The Principal Book of Won-Buddhism
Part Three : Practice
Chapter Six: The Dharma of Keeping a Diary
A. The General Significance of the Dharma of Keeping a Diary
The dharma of keeping a daily diary has been established in order for everyone, whether lay or ordained, learned or ignorant, to review for that day the handling of affairs in a mindful or unmindful fashion, the state of one’s study, and whether or not one transgressed the precepts. The dharma of keeping a fixed-term diary has been established in order to have practitioners who are undergoing training in either a seminary or a Sŏn center record for that day the number of hours they worked, their income or expenditures that day, the specific handling of the functioning of their bodies and minds, and their awakenings and impressions.
B. The Dharma of Keeping a Daily Diary
1. With regard to mindfulness and unmindfulness, you are to investigate and record the number of times you handled any event you faced in either a mindful or unmindful fashion. “Mindful” refers to acting with heedfulness in making choices with regard to items that you resolved either to do or not to do; “unmindful” refers to acting without heedfulness in making choices. In the beginning, you are to keep track of the number of times you acted with heedfulness or without heedfulness in making choices, regardless of how things turned out.

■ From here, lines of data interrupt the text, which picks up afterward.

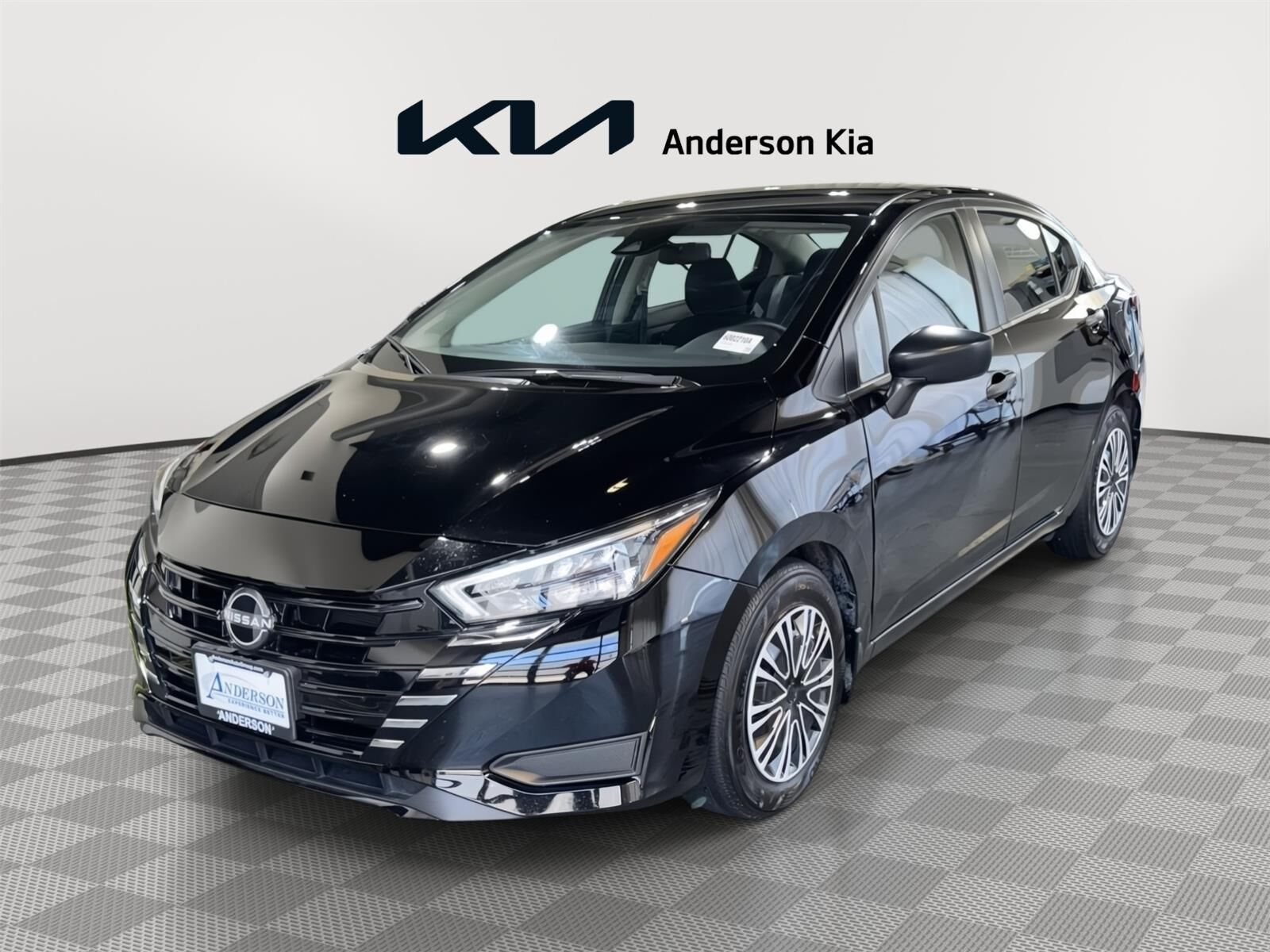 2025 NISSAN Versa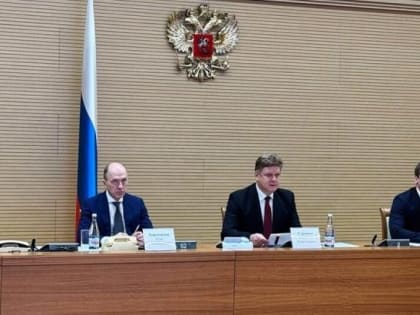 Анатолий Серышев призвал усилить работу по повышению образовательного уровня трудовых мигрантов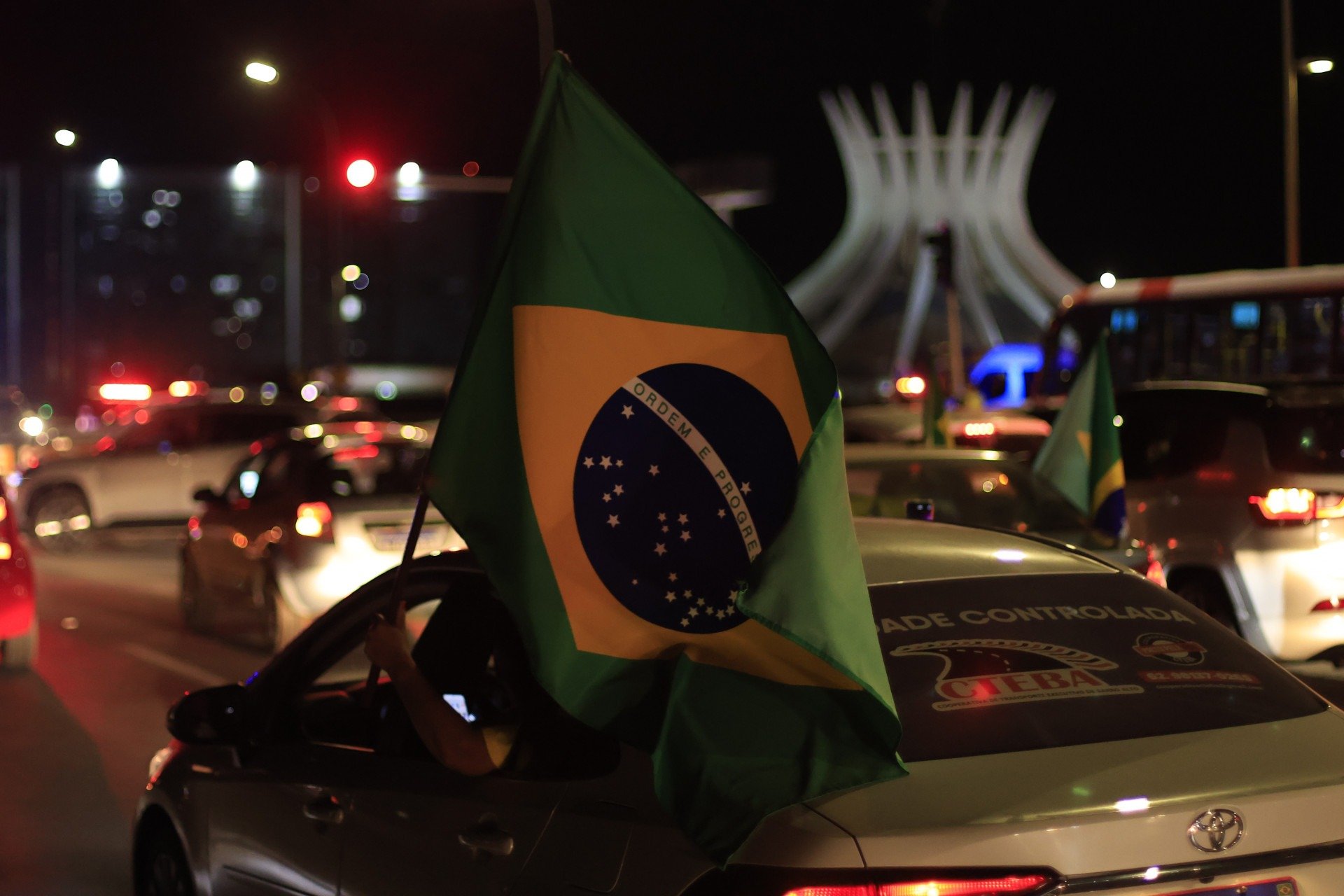 Polícia reforça segurança e fecha Esplanada após prisão domiciliar de Bolsonaro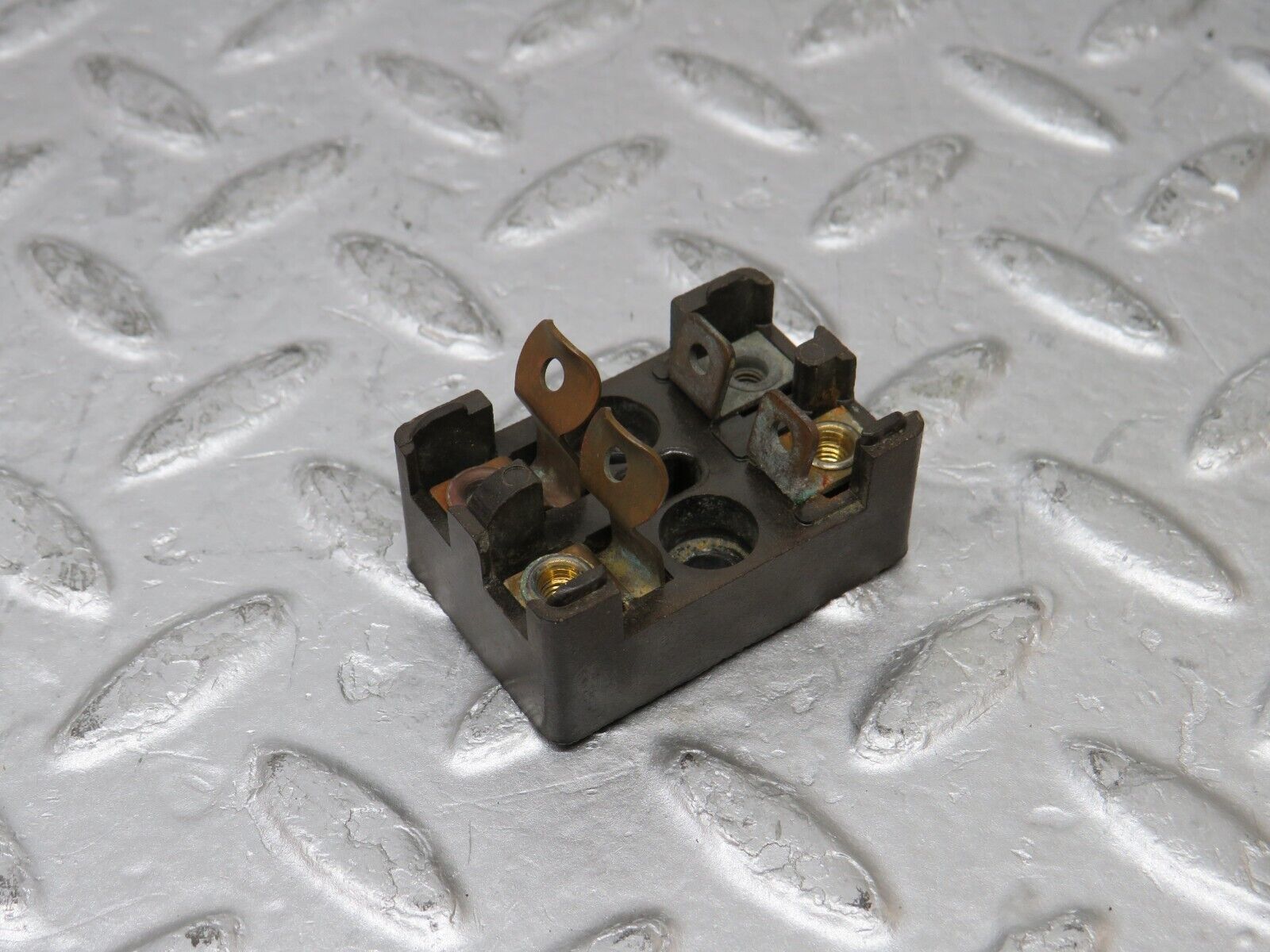 37324 Mercedes-Benz W109 300SEL Fuse Box Connector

As practice deepens, however, you are to keep track of the number of times the result was good or bad.
2. With regard to the state of your study, you are to record your calculations regarding the number of hours you studied each subject listed under Cultivation and Inquiry, and you are to review and record your attendance and absence at regular dharma meetings and Sŏn sessions.
3. Regarding the precepts, you are to review and record whether you kept or transgressed them; when there was a violation, record the number of times you transgressed that specific item.
4. For people who are illiterate or not comfortable with documents, we have set up the separate “bean-count” method of examination, so that they may simply keep track of whether they are mindful or unmindful: they may calculate the number of times they are mindful or unmindful by counting one light-colored bean whenever they act with heedfulness in making choices and one dark-colored bean whenever they do not.
C. The Dharma of Keeping a Fixed-Term Diary
1. The idea behind having practitioners keep a record of the number of hours we work for the day is so that we may compare hours spent valuably with those spent wastefully during the twenty-four hours of the day and, if there are wasted hours, to be heedful later not to repeat them, so that we may not fritter away even a moment of our time.
2. The idea behind having practitioners keep a record of income and expenditures for the day is so that we may find a way to earn income if there is none and work diligently to generate income; if there are lots of expenditures, we may find a way to curb them so as to prevent poverty and find happiness; and that even the affluent may avoid becoming indolent.
3. The idea behind having practitioners keep a record of the handling of the functioning of their bodies and minds is so that we may appraise our right and wrong conduct for the day and know the balance of the transgressions or merits we have made; and to illuminate the right and the wrong, benefit or harm, so as to gain the ability to make choices whenever we engage in any kind of activity.
4. The idea behind having practitioners keep a record of their awakenings and impressions is that we may assess our progress in understanding the principles of great and small, being and nonbeing involved in them.